● **Aim of the exercise**: Extract the full listing verbatim and drop any pictures from your copy.

● **Data extract**:
::::
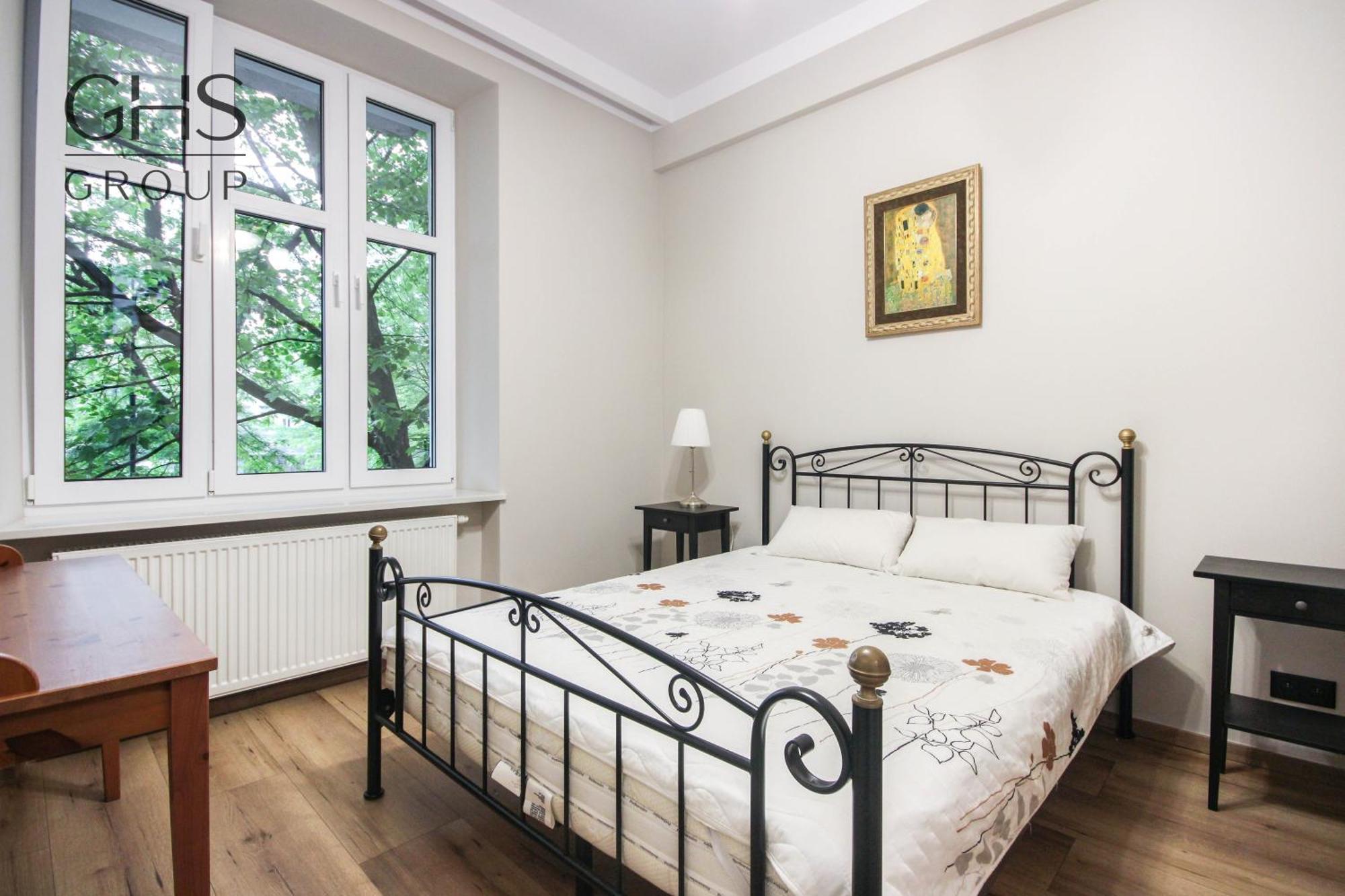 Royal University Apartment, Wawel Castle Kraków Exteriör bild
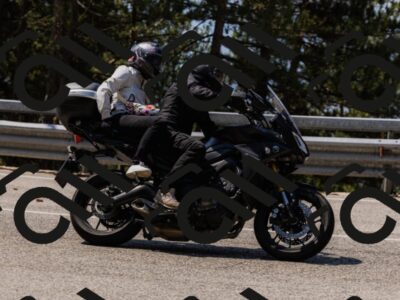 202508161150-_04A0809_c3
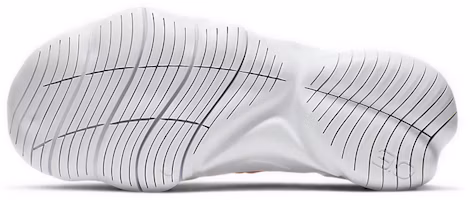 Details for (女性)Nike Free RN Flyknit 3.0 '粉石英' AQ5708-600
::::
● **Exercise answer**:
 Royal University Apartment, Wawel Castle Kraków Exteriör bild
 202508161150-_04A0809_c3
 Details for (女性)Nike Free RN Flyknit 3.0 '粉石英' AQ5708-600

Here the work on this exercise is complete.